Task objective: Each line below is to be repeated exactly; any picture is to be left out.

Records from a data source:
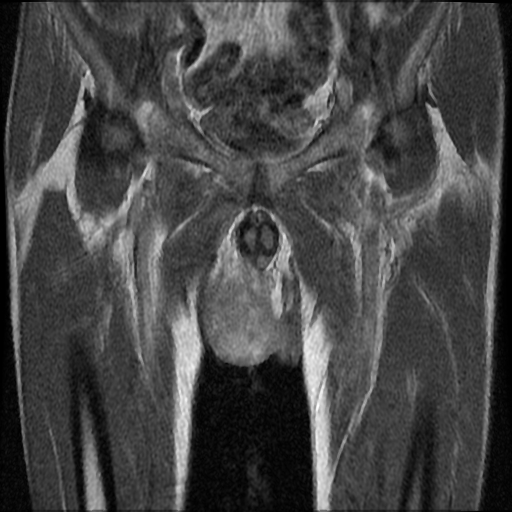 File:Necrotizing epididymo-orchitis with intra-testicular abscess (Radiopaedia 29397-29860 Coronal T1 C+ 10).jpg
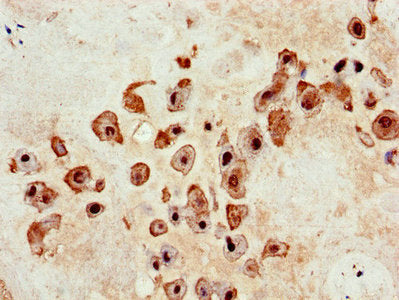 DOC2B Antibody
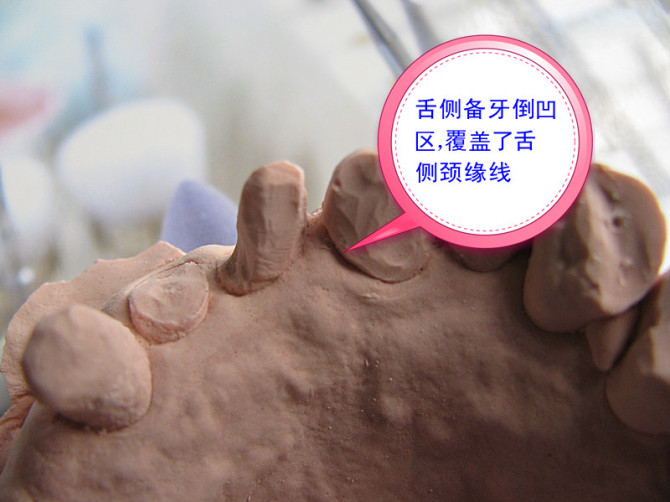 口腔修復(fù)醫(yī)生備牙取摸常見問題系列之——基牙倒凹 與 備牙時(shí)“就位道”的處理 口腔修復(fù)醫(yī)生備牙取摸常見問題系列之——基牙倒凹 與 備牙時(shí)“就位道”的處理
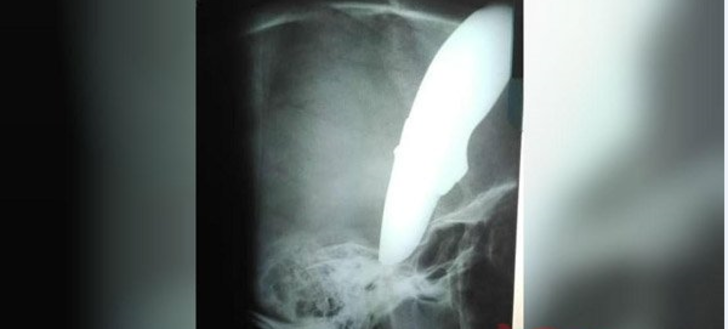 Başında 15 cm'lik bıçak saplı şekilde hastaneye geldi G3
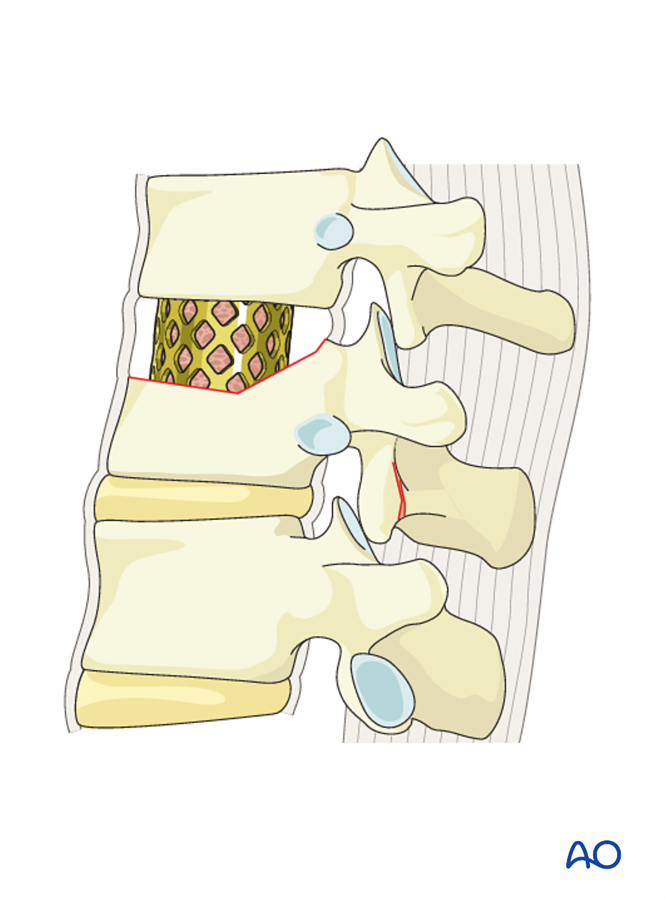 Anterior stabilization for A3 Incomplete burst fractures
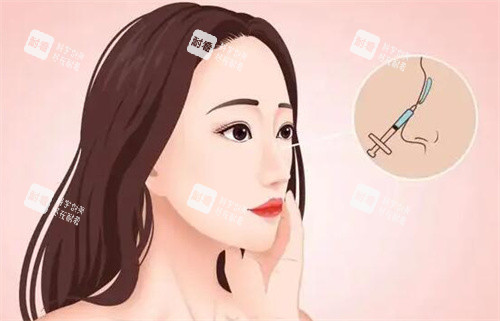 注射隆鼻卡通图.jpg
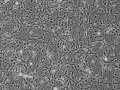 人星形胶质细胞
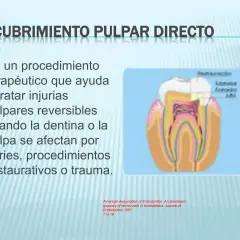Diagrama de un diente mostrando el recubrimiento pulpar directo, un procedimiento para tratar injurias reversibles en la pulpa dental.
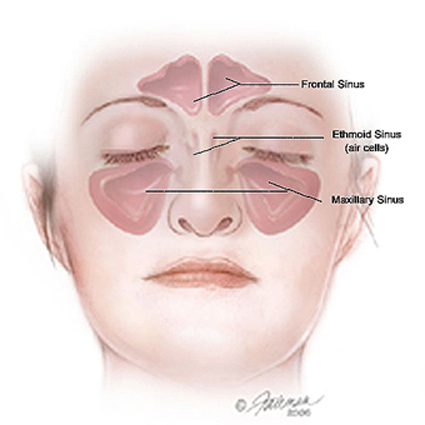Nez et sinus - Troubles du nez, de la gorge et de l'oreille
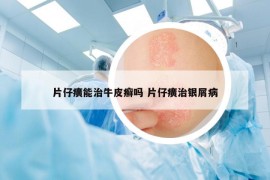 片仔癀能治牛皮癣吗 片仔癀治银屑病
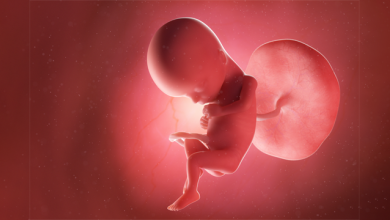 Fetal Tachycardia Due to Maternal Pyrexia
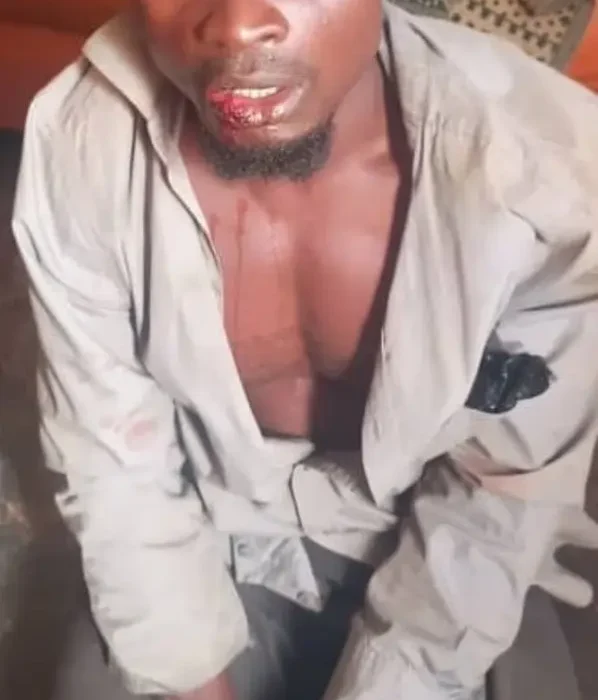 آدم‌خواری در اوگاندا؛ مردی متهم به قتل و خوردن اجساد ۳۸ نفر بازداشت شد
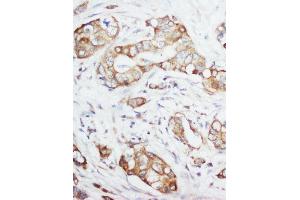 Anti-IGF1 antibody, IHC(P) IHC(P): Human Mammary Cancer Tissue (IGF1 抗体  (Middle Region))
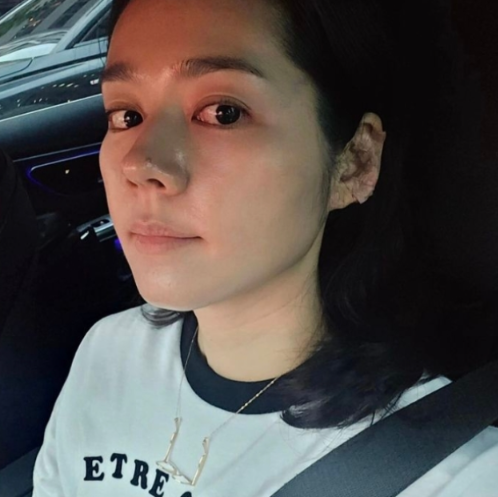 귀 혈자리 이혈 테라피 지압 패치 추천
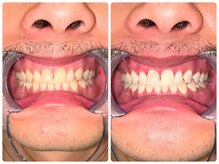 コナホワイトニング 神保町/メンズホワイトニング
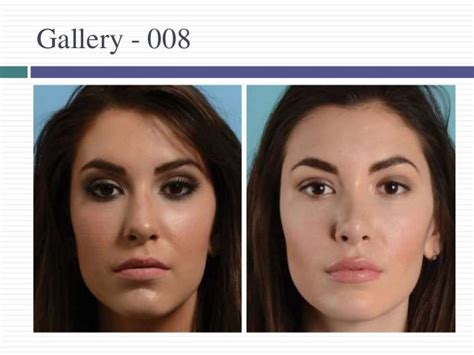 Rhinoplasty Surgery Sydney Australia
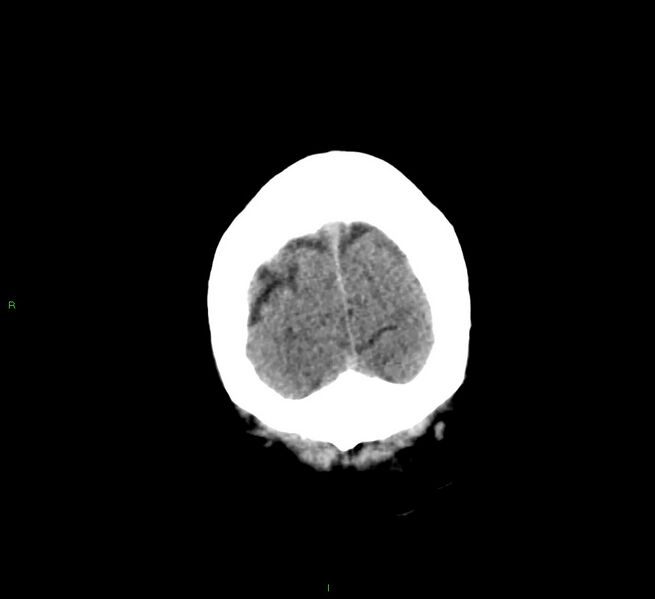 File:Cerebral amyloid angiopathy-associated lobar intracerebral hemorrhage (Radiopaedia 58376-65511 Coronal non-contrast 8).jpg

Solution for this task:
 File:Necrotizing epididymo-orchitis with intra-testicular abscess (Radiopaedia 29397-29860 Coronal T1 C+ 10).jpg
 DOC2B Antibody
 口腔修復(fù)醫(yī)生備牙取摸常見問題系列之——基牙倒凹 與 備牙時(shí)“就位道”的處理 口腔修復(fù)醫(yī)生備牙取摸常見問題系列之——基牙倒凹 與 備牙時(shí)“就位道”的處理
 Başında 15 cm'lik bıçak saplı şekilde hastaneye geldi G3
 Anterior stabilization for A3 Incomplete burst fractures
 注射隆鼻卡通图.jpg
 人星形胶质细胞
Diagrama de un diente mostrando el recubrimiento pulpar directo, un procedimiento para tratar injurias reversibles en la pulpa dental.
Nez et sinus - Troubles du nez, de la gorge et de l'oreille
 片仔癀能治牛皮癣吗 片仔癀治银屑病
 Fetal Tachycardia Due to Maternal Pyrexia
 آدم‌خواری در اوگاندا؛ مردی متهم به قتل و خوردن اجساد ۳۸ نفر بازداشت شد
 Anti-IGF1 antibody, IHC(P) IHC(P): Human Mammary Cancer Tissue (IGF1 抗体  (Middle Region))
 귀 혈자리 이혈 테라피 지압 패치 추천
 コナホワイトニング 神保町/メンズホワイトニング
 Rhinoplasty Surgery Sydney Australia
 File:Cerebral amyloid angiopathy-associated lobar intracerebral hemorrhage (Radiopaedia 58376-65511 Coronal non-contrast 8).jpg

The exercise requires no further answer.